Historical node crashes when data is growing

Our historical node has the following setup:

Disk Space: > 2TB

Memory: 128 GB

The config looks like this:

druid.processing.buffer.sizeBytes=100000000

druid.processing.numThreads=4

druid.extensions.localRepository=/home/druid/.m2_hdfs/repository

druid.extensions.coordinates=[“io.druid.extensions:druid-examples”,“io.druid.extensions:druid-kafka-eight”,“io.druid.extensions:mysql-metadata-storage”,“io.druid.extensions:druid-hdfs-storage:0.8.0-rc1”]

druid.monitoring.monitors=[“com.metamx.metrics.JvmMonitor”]

Zookeeper

druid.zk.service.host=XXX.XXX.XXX.XXX

If you choose to compress ZK announcements, you must do so for every node type

druid.announcer.type=batch

druid.curator.compress=true

druid.discovery.curator.path=/hdfs/discovery

druid.segmentCache.locations=[{“path”: “/data/druid_hdfs/indexCache”, “maxSize”: 300000000000}]

druid.server.maxSize=300000000000

Metadata Storage (mysql)

druid.metadata.storage.type=mysql

druid.metadata.storage.connector.connectURI=jdbc:mysql://XXX.XXX.XXX.XXX:3306/druid_hdfs

druid.metadata.storage.connector.user=xxxxxxxxxx

druid.metadata.storage.connector.password=xxxxxxxxxxx

druid.storage.type=hdfs

druid.storage.storageDirectory=hdfs://xxxxxxx.xxxxx.xxxxx:8020/user/druid/data

Query Cache (we use a simple 10mb heap-based local cache on the broker)

druid.cache.type=local

druid.cache.sizeInBytes=10000000

druid.emitter=logging

druid.emitter.logging.logLevel=debug

I am starting the historical node with the following command:

nohup java -server -Xmx12g

-Xms12g

-XX:NewSize=6g

-XX:MaxNewSize=6g

-XX:MaxDirectMemorySize=32g

-XX:+UseConcMarkSweepGC -XX:+PrintGCDetails -XX:+PrintGCTimeStamps -Duser.timezone=UTC -Djava.util.logging.manager=org.apache.logging.log4j.jul.LogManager -Dfile.encoding=UTF-8 -Djava.io.tmpdir=/tmp/druid_hdfs -classpath config/_common:config/historical:lib/*:hadoop classpath io.druid.cli.Main server historical

Everything worked fine for over a year. But now as data grew and the files in my druid.segmentCache.locations became bigger then 115GB, the server was not able to load any segments anymore and even crashed with messages like:

There is insufficient memory for the Java Runtime Environment to continue.

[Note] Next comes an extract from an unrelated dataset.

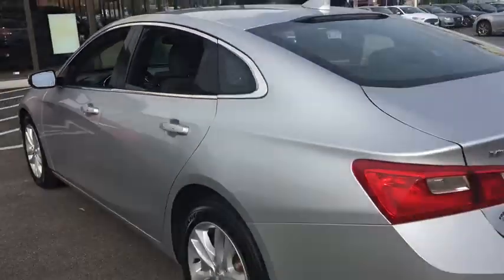This vehicle is CarFax certified one owner and qualifies for the CarFax buy-back guarantee.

Native memory allocation (malloc) failed to allocate 28520448 bytes for committing reserved memory.

An error report file with more information is saved as:

/usr/local/druid-0.8.0-rc1/hs_err_pid25770.log

Sometimes it throws just exceptions like:

13:50:57.264 [ZkCoordinator-0] ERROR io.druid.server.coordination.ZkCoordinator - Failed to load segment for dataSource: {class=io.druid.server.coordination.ZkCoordinator, exceptionType=class io.druid.segment.loading.SegmentLoadingException, exceptionMessage=Exception loading segment[ …

io.druid.segment.loading.SegmentLoadingException: Exception loading segment[xxxxxxx

Caused by: io.druid.segment.loading.SegmentLoadingException: Error loading [hdfs://xxxxx.xxxx.xxxx

Caused by: java.io.IOException: No FileSystem for scheme: hdfs

But these hdfs exceptions seems to point in the wrong direction. I checked it manually with hadoop fs -ls and the files were there.

Regarding the memory output:

I still had around 22GB RAM free during that time. Restarting the historical server resulted in the server crashing again with the same messages. Sometimes the message is the memory issue, sometimes its the Exceptions regarding “Failed to load segment”

Now that I marked some old data as used=0 in coord database, the server works fine. But from the first question at http://druid.io/faq.html I read, that I should be able to have more data assigned to a historical node then memory available. I can live with the fact that old data will take much longer to query.

I am using druid 0.8

So what am I doing wrong in order to have more data on the historical node then memory available.

Thanks for your help.

Best regards

Roman

Hi Roman, this error points to the fact that the hdfs extension is not correctly set up. How have you included the HDFS extension and appropriate hadoop conf xml files in your classpath?

Hi,

thanks for your answer. I doubt this is a hdfs problem as this setup worked perfectly for over a year without changing anything. And usually its not the hdfs error that pops up, but the memory problem.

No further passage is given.